Dopo pochi metri,
sulla destra, lungo il muro di cinta di una proprietà privata, si riconoscono
tre filari di blocchi di tufo giallo locale messi in opera con tecnica isodoma,
in alcuni punti frammisti a laterizi e marmi. Un altro significativo tratto di
fortificazioni lo si può scorgere poco più avanti, alla prima curva, al di là
del cancello che immette in una proprietà privata. Allineato al precedente,
anche questo muro è messo in opera con tecnica isodoma.

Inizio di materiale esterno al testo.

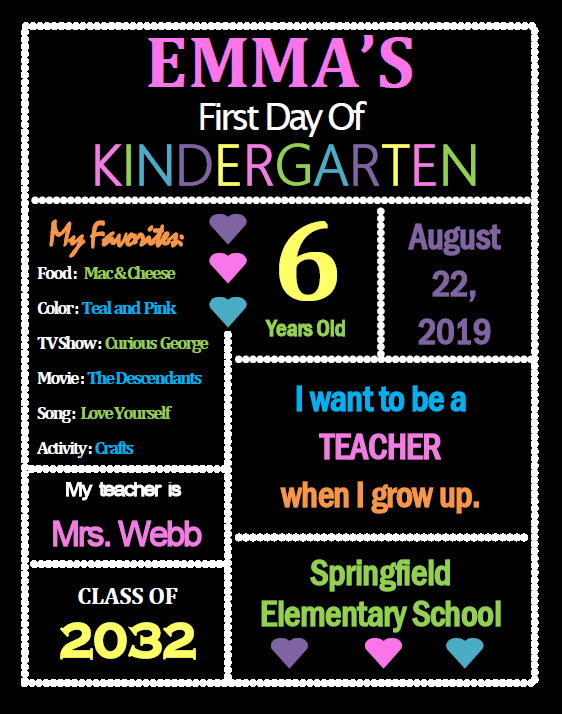 Printable First Day of Kindergarten Sign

La facciavista dei blocchi è lavorata con una cornice ribassata liscia; il loro
centro aggettante reca le tracce di lavorazione a gradina. Ben conservati sono
il filare sporgente di fondazione (posto direttamente su uno strato di terreno
vergine con pomici) e almeno tre filari dell'elevato. Di altri due superiori si
intravede solo qualche elemento tra la vegetazione. A ovest sembra che gli
ultimi blocchi in sito siano d'angolo e abbiano due facce a vista. Si potrebbe
allora ipotizzare che qui si aprisse una delle porte della cinta meridionale a
cui forse giungeva la strada che da Miseno e da Puteoli conduceva a Cuma.
Nell'Ottocento una porta era ancora visibile all'altezza della Croce di Cuma,
dove recenti scavi hanno individuato altri resti di fortificazione greca.

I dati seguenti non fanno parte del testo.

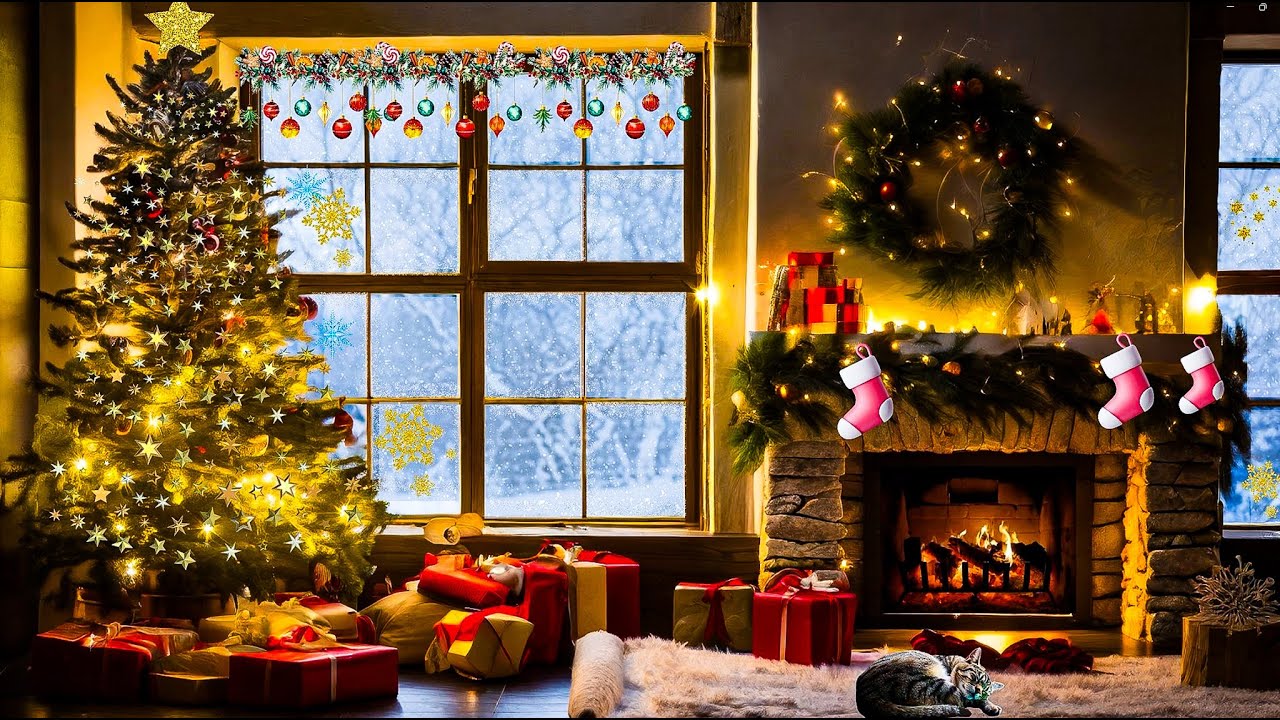 Cozy Christmas soothing Jazz: Fireplace, Sleeping Cat, & Snowfall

Il tipo di tecnica utilizzato e il materiale ceramico rinvenuto (vernice nera
attica e locale) consentono di datare le mura al VI sec. a.C.
La realizzazione di una tale opera difensiva ben s'inquadra nel periodo di
maggior vitalità della Cuma arcaica quello della tirannide di Aristodemo: oltre
ad avviare la bonifica della zona paludosa a settentrione, il tiranno avrebbe
anche promosso la realizzazione della cinta muraria della città nell'ambito di
un programma politico volto a ridisegnare l'assetto degli spazi urbani ed extra
urbani.
Di fronte sono i resti di un edificio in opera vittata (I sec a.C.-I d.C.),
forse un'abitazione; sul lato settentrionale di questo sono visibili parziali
rifacimenti, in scapoli di tufo e cubilia. Proseguendo per ca. 200 metri,
si incontra sulla sinistra una angusta stradina. A un primo tratto asfaltato,
segue la pavimentazione a basoli di una via romana (m. 25 ca.), fino a un
piccolo spiazzo. Sulla destra, una strada oggi ingombra e non percorribile,
conduceva all'imbocco della Grotta di Cocceio, che si apre nel fianco di Monte
Grillo.
Sulla sinistra, in fondo a un viale privato, è una masseria moderna che ingloba
una grande cisterna romana in opera reticolata del I sec. d.C., oggi
parzialmente riempita da crolli e materiale di scarico. A pianta rettangolare,
la cisterna è rivestita di cocciopesto e conserva parte della volta a crociera
sostenuta da semipilastri disposti sui lati lunghi.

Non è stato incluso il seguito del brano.